Global insurance industry regulators plan to come up with a basic outline of common rules on solvency requirements for international insurers by January, according to a report seen on the Web site of Japan's financial watchdog Tuesday.

The drafting of such rules would be a step toward creating a crisis-prevention framework to pre-empt a global industry meltdown like the one that nearly brought down U.S. insurance giant American International Group Inc. (AIG) in 2008.

According to the report on the Web site of the Financial Services Agency, the International Association of Insurance Supervisors agreed at a meeting in Taiwan last week to draft a rough outline of universal solvency margin requirements and other rules for major insurers by January, when the association's executive is scheduled to meet.

The FSA's insurance supervisors are members of the IAIS, which represents regulators from around 140 countries.

People familiar with the matter told Dow Jones Newswires the January deadline is much more ambitious than an initial timeframe of 15 to 20 months from June.

Moving the schedule up underscores a determination to bring insurers that operate internationally, such as AIG, Prudential PLC (PUK) and MetLife Inc. (MET), under global oversight to pre-empt further crises, the people said.

The IAIS doesn't want to let international momentum to tighten checks on major insurers "fade away by unnecessarily extending the discussion period," one of the people said.

The solvency margin ratio is a key gauge of how much capital an insurer has, measured against risks. The higher the ratio, the better-equipped a firm is if faced with unexpected investment losses or a surge in claims.

According to the FSA report, a central element of the IAIS rules would be that the solvency ratio requirements be applied to all of an insurer's group companies - including non-insurance businesses - rather than just the insurer itself.

The crisis that nearly wrecked AIG last year stemmed from huge losses by a U.K. subsidiary that had guaranteed high-risk investments, which later turned sour.

Neither the unit nor AIG as a group had sufficient buffers to manage the crisis, partly because U.S. regulations lacked group-wide capital requirements.

The IAIS is unlikely to propose any specific ratios in January. That could take a couple of years, the people said.

But the "basic thinking" over how regulators should calculate ratios should be determined by then. That would provide hints on how high the ratios will be.

In the coming months, the IAIS will also mull rules over investment, governance, risk-management and auditing by insurers, the FSA report showed.

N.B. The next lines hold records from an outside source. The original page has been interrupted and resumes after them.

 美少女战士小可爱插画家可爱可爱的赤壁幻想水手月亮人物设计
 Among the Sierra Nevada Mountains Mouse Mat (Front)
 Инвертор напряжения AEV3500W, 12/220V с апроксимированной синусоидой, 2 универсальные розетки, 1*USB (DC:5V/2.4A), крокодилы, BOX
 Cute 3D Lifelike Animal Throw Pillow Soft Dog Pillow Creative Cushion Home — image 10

The IAIS will consider other sensitive issues, such as whether to allow governments to ban insurers from moving capital across the globe - something they may wish to do to protect policyholders when a crisis hits global insurers, according to the report.

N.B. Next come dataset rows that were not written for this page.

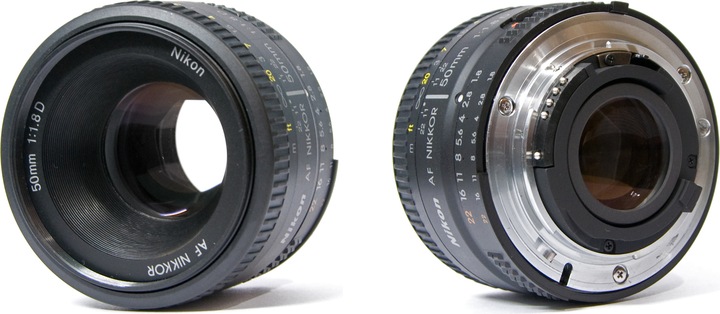 Immagine prodotto Nikon AF Nikkor 50mm f/1.8D - (EU) (Nikon F, Full-frame)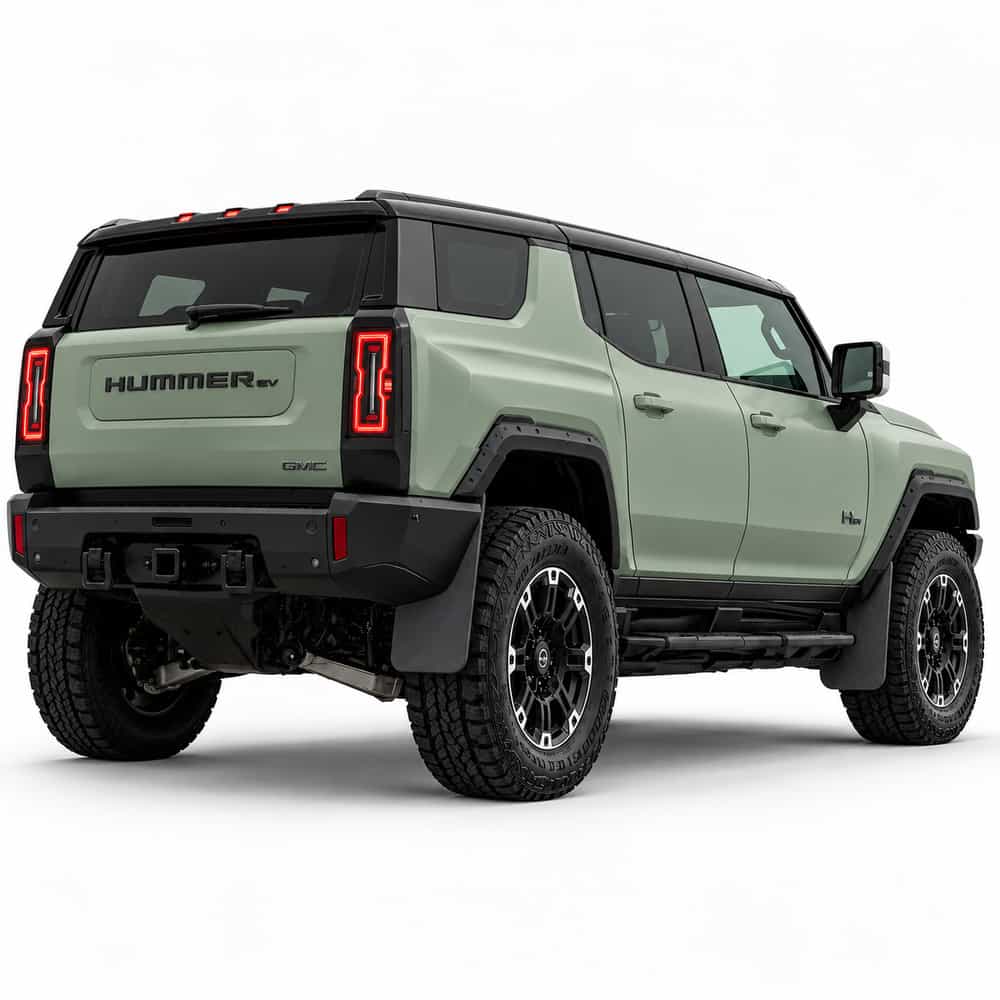 Vicrez Mud Flaps Front and Rear vz103425 | GMC Hummer EV SUV 2024-2026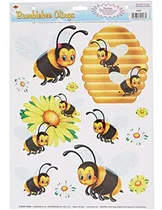 Comprar Beistle 54427 Bumblebee Clings, 12 Por 17 Pulgadas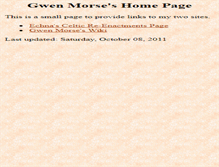 Tablet Screenshot of gwen-morse.com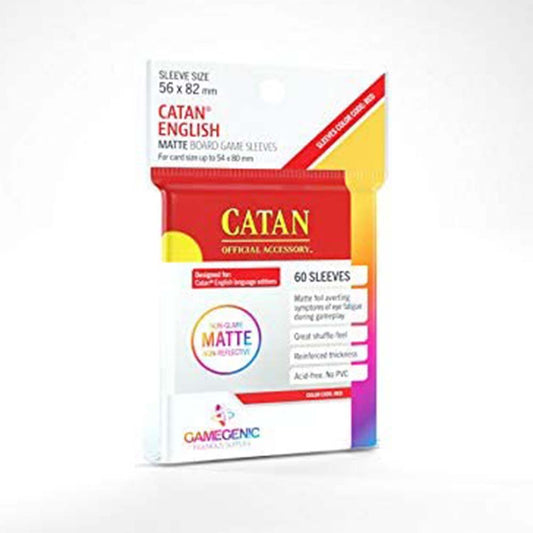 GameGenic - MATTE Sleeves: 56mm x 82mm (Catan)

Another topic will be how much influence regulators should have over foreign insurers.

To be sure, the AIG debacle has led the U.S. government to include plans to oversee all insurer group companies, including non-insurance units operating overseas, in recent proposals for domestic regulatory reform. Europe is also moving toward its own oversight regime, called Solvency II.

But global regulators still think universal rules are needed. That is partly because, while solvency requirements exist in advanced economies, such rules vary by country, making it hard to effectively oversee big insurers.

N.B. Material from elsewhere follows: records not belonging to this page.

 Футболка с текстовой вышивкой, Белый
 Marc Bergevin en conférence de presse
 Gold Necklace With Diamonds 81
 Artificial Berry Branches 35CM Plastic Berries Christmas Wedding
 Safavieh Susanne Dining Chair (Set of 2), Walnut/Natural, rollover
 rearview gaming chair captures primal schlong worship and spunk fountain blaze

The IAIS move toward universal rules is in line with a mandate from the leaders of the G20 countries last November, which was triggered by the U.S. federal bailout of AIG that now tops $180 billion.

But the IAIS project could take years to finalize, given that governments must iron out their competing interests, as well as carry out feasibility studies.

U.S. state regulators, which supervise insurers in the absence of a federal regulator, have been reluctant to act quickly. But Asian nations, like Japan and China, seem eager to move ahead, the people said.